#### [Directions for this task]
For the records below, output every line from the one holding "NEMIC-LAMBDA LWT-3B/01 Alimentation" through the final line, unaltered, and no other lines.

#### [Records for the exercise]
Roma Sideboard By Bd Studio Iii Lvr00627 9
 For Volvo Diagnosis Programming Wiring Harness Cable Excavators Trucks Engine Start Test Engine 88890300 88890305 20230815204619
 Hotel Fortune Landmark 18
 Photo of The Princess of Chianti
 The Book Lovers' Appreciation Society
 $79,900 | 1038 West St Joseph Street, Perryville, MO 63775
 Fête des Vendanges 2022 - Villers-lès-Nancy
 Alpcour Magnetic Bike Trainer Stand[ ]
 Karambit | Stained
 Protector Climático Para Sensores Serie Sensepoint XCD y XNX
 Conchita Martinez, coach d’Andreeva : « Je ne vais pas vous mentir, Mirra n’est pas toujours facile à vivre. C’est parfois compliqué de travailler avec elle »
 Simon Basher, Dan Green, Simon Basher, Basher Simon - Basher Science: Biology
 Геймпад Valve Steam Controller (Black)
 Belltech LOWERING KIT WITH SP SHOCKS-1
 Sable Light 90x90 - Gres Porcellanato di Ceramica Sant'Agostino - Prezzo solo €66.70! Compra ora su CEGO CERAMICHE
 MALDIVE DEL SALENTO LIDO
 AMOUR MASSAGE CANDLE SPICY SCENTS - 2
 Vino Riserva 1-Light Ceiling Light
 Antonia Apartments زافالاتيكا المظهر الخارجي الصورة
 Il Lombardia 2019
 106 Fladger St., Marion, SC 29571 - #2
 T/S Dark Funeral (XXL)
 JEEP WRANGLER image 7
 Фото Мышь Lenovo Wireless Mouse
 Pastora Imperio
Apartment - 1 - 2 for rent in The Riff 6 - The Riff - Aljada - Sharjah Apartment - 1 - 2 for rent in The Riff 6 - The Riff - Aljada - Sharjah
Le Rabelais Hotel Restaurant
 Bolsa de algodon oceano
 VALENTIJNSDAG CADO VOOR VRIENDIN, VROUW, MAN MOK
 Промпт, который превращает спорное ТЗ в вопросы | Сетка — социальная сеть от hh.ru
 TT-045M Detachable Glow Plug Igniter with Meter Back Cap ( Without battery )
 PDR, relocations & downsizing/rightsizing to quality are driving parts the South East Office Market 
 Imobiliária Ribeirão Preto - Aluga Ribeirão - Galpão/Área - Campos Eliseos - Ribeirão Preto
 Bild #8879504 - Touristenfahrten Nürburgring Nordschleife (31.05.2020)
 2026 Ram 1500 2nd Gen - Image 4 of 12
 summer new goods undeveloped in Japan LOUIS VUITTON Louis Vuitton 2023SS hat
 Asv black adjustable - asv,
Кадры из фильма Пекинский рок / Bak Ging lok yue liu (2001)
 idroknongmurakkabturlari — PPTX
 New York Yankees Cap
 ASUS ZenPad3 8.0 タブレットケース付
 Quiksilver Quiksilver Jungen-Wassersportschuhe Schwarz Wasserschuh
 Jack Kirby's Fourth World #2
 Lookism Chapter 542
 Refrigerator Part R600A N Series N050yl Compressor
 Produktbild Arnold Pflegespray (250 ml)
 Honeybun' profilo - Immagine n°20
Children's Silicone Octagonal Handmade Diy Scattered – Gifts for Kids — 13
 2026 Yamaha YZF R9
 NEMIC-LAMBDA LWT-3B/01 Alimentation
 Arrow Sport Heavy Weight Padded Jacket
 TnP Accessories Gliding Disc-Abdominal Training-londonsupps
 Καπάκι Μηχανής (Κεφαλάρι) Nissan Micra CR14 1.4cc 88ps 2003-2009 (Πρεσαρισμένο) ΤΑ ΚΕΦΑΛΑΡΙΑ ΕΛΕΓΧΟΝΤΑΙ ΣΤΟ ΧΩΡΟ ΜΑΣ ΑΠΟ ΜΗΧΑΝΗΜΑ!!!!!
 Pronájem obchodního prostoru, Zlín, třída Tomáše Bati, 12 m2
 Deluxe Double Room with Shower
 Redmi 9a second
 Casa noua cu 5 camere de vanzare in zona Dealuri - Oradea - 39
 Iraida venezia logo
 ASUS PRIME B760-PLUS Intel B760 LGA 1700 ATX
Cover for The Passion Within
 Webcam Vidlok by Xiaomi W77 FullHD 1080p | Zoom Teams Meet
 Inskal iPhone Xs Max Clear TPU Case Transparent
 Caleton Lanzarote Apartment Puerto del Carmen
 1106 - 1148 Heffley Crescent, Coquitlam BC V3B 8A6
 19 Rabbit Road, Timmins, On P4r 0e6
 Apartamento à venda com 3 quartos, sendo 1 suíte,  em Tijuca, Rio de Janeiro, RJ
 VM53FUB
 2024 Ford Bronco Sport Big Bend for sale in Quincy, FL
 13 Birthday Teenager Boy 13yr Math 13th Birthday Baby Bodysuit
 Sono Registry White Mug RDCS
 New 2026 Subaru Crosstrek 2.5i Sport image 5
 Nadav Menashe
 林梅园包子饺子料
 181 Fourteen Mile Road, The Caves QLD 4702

#### [Output of the task]
 NEMIC-LAMBDA LWT-3B/01 Alimentation
 Arrow Sport Heavy Weight Padded Jacket
 TnP Accessories Gliding Disc-Abdominal Training-londonsupps
 Καπάκι Μηχανής (Κεφαλάρι) Nissan Micra CR14 1.4cc 88ps 2003-2009 (Πρεσαρισμένο) ΤΑ ΚΕΦΑΛΑΡΙΑ ΕΛΕΓΧΟΝΤΑΙ ΣΤΟ ΧΩΡΟ ΜΑΣ ΑΠΟ ΜΗΧΑΝΗΜΑ!!!!!
 Pronájem obchodního prostoru, Zlín, třída Tomáše Bati, 12 m2
 Deluxe Double Room with Shower
 Redmi 9a second
 Casa noua cu 5 camere de vanzare in zona Dealuri - Oradea - 39
 Iraida venezia logo
 ASUS PRIME B760-PLUS Intel B760 LGA 1700 ATX
Cover for The Passion Within
 Webcam Vidlok by Xiaomi W77 FullHD 1080p | Zoom Teams Meet
 Inskal iPhone Xs Max Clear TPU Case Transparent
 Caleton Lanzarote Apartment Puerto del Carmen
 1106 - 1148 Heffley Crescent, Coquitlam BC V3B 8A6
 19 Rabbit Road, Timmins, On P4r 0e6
 Apartamento à venda com 3 quartos, sendo 1 suíte,  em Tijuca, Rio de Janeiro, RJ
 VM53FUB
 2024 Ford Bronco Sport Big Bend for sale in Quincy, FL
 13 Birthday Teenager Boy 13yr Math 13th Birthday Baby Bodysuit
 Sono Registry White Mug RDCS
 New 2026 Subaru Crosstrek 2.5i Sport image 5
 Nadav Menashe
 林梅园包子饺子料
 181 Fourteen Mile Road, The Caves QLD 4702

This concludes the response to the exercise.